誕生してから一週間後、2頭の行動に異変が…
母親ワンコを愛護センターから引き出したピースワンコ・ジャパン(以下、ピースワンコ)のスタッフ。まず母親ワンコにケアを施し、お腹の中にいるワンコの出産に立ち会いました。このときに誕生したのがダンバンとスンミンです。とってもかわいいパピーの兄妹でしたが、誕生してから一週間ほど経った頃、2頭ともフラフラしてひっくり返ります。また通常の子犬がよくやる「うつ伏せで這う」という動作もうまくできません。
どうも2頭も目が見えていない様子で脳疾患も疑われたため、すぐにスタッフは2頭を連れて動物病院へ。獣医さんに診てもらうと「水頭症の疑いあり」という診断でした。
その後のMRI検査で水頭症ではなかったものの、前庭疾患と思われる症状が続き、「蓄積病」という病気の可能性が生じました。蓄積病とは代謝がうまくできないことで老廃物を体内に蓄積してしまう病気で、末期には細胞が死滅するとされる恐ろしいもの。結果的に短命に終わってしまうことがほとんどです。遺伝子検査をした大学病院は「珍しい症例なので、現状の解明は難しい」との見解でした。

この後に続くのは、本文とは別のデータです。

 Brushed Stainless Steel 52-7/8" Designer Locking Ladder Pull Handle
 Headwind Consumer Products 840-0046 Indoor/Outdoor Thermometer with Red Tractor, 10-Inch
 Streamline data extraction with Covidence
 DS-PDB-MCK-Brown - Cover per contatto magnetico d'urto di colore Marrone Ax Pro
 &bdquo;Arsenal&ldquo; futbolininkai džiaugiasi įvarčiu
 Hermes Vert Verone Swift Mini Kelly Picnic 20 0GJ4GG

嫌な胸騒ぎがするスタッフでしたが、少なくともダンバンとスンミンの「眼球が張っている」という目の不調を改善するため、獣医さんと相談して脳圧や眼圧を下げ、脳神経疾患の症状を抑える投薬をしてもらうことにしました。
ピースワンコでは病気を抱えるワンコや高齢ワンコにも懸命にケアし続けます。そして、スタッフは全国のどこかにきっといる、心優しい里親さんと2頭の命を繋ぐことを諦めず、病歴を含めた日ごろのそのままの姿をインスタグラムで発信し続けました。
そんな中で、1本の電話が入りました。
ワンコの知識豊富な里親希望者さんに迎え入れられることに
電話の主は、ピースワンコがインスタグラムに投稿したダンバンの様子を見た里親希望者さんでした。「目に障がいがありながらも、元気にがんばっているダンバンを家族として迎え入れたい」と言います。すでに3頭のミックス犬を飼っている方で、自宅には広い庭もあるとのこと。もちろんワンコの知識も豊富の様子です。

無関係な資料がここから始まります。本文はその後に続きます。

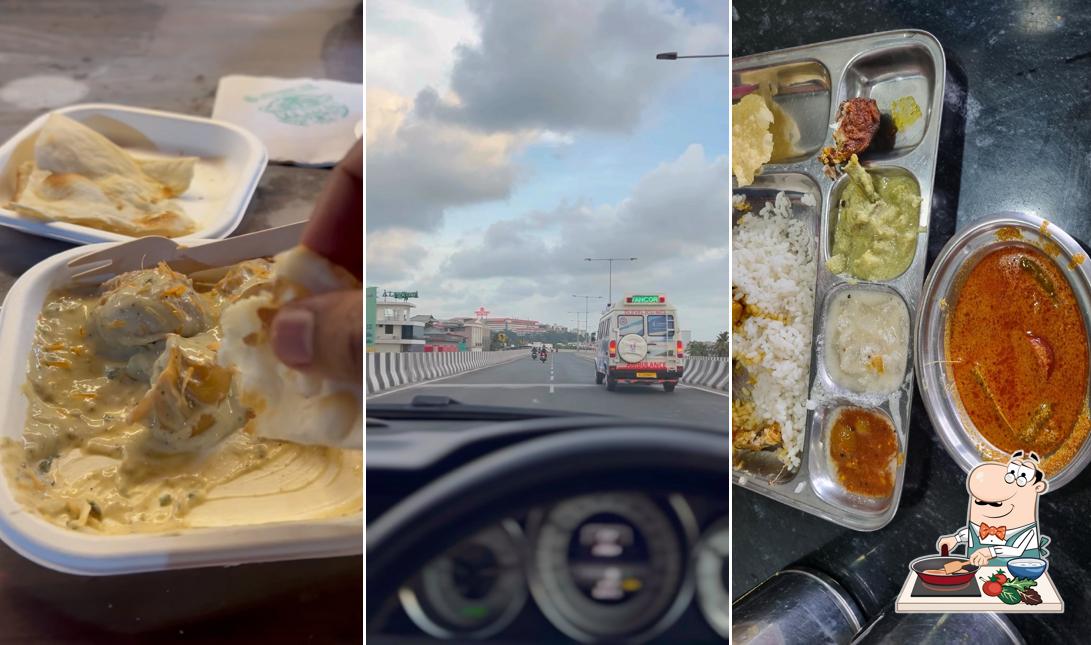 Chicken curry at Food Track IRCTC Varkala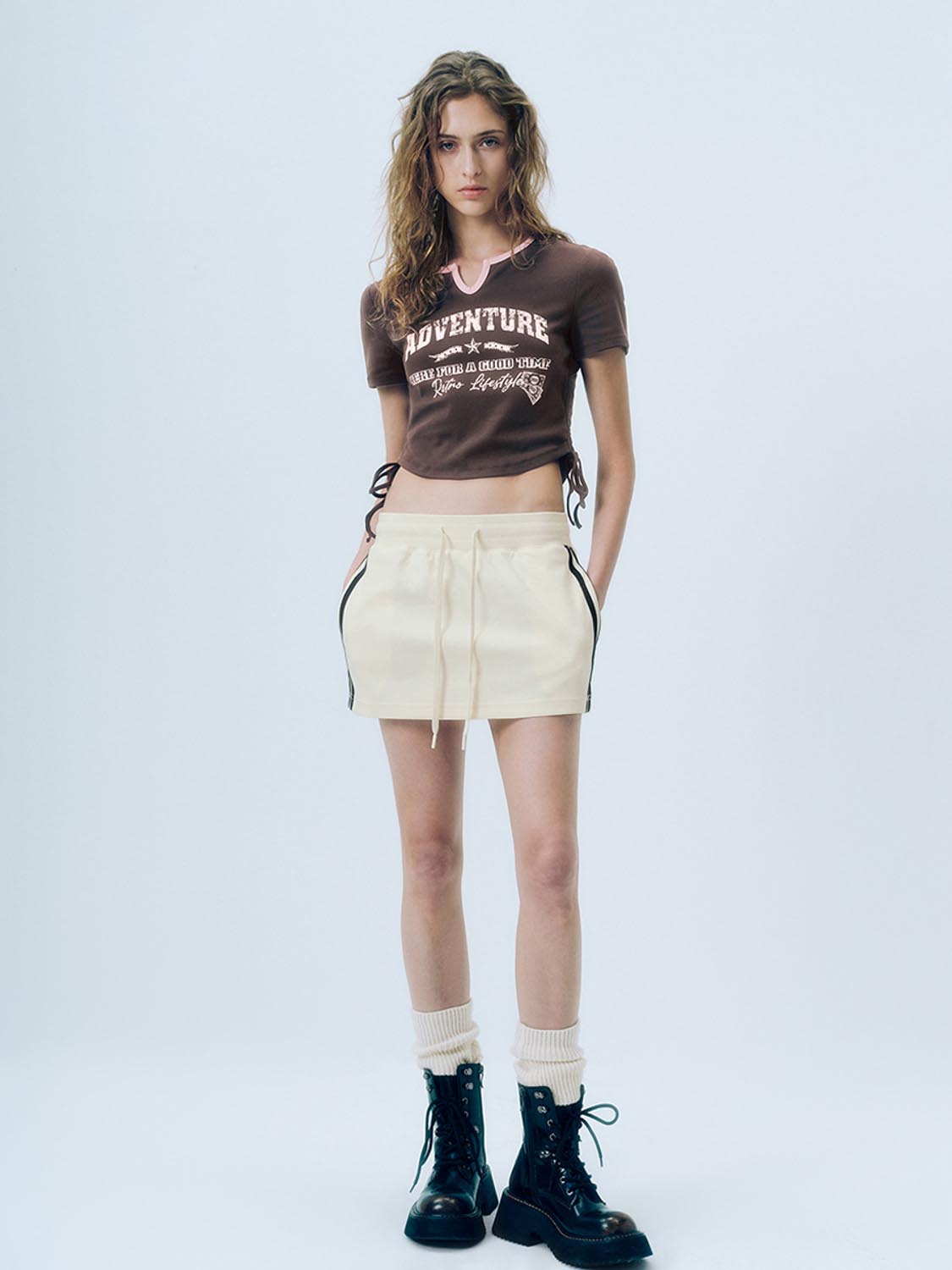 Drawstring Straight Skirts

里親希望者さんは当初、ダンバンのみを迎え入れる希望でしたが、話を進めるうちに、スンミンも一緒に迎え入れたいと言ってくれました。
後日、ダンバンとスンミンとの面会に訪れくれた里親希望者さん。2頭ともすぐに馴染み、この方の家族として新しい生活をおくることになりました。里親希望者さんはダンバンとスンミンを迎え入れた後の治療の継続ももちろん約束してくれました。
「新たな犬生が幸せなものになりますように」
ピースワンコ卒業の日。重篤な障がいを抱えながらも、ダンバンとスンミンははしゃぎながら体をぶつけあっていました。目がほとんど見えないことから、お互いにわざと体をぶつけあい、お互いの距離感や周りの環境を確認しているわけですが、里親さんとの新しい生活を前に、どこか楽しそうに映りました。
ダンバン、スンミンともに新しいハーネスとペットお守りをつけてもらい里親さんに連れられ施設を後にしました。2頭の後ろ姿を見ながらスタッフは「心優しい里親さんの元で、ダンバンとスンミンらしい犬生をおくれますように」と心の中で願いました。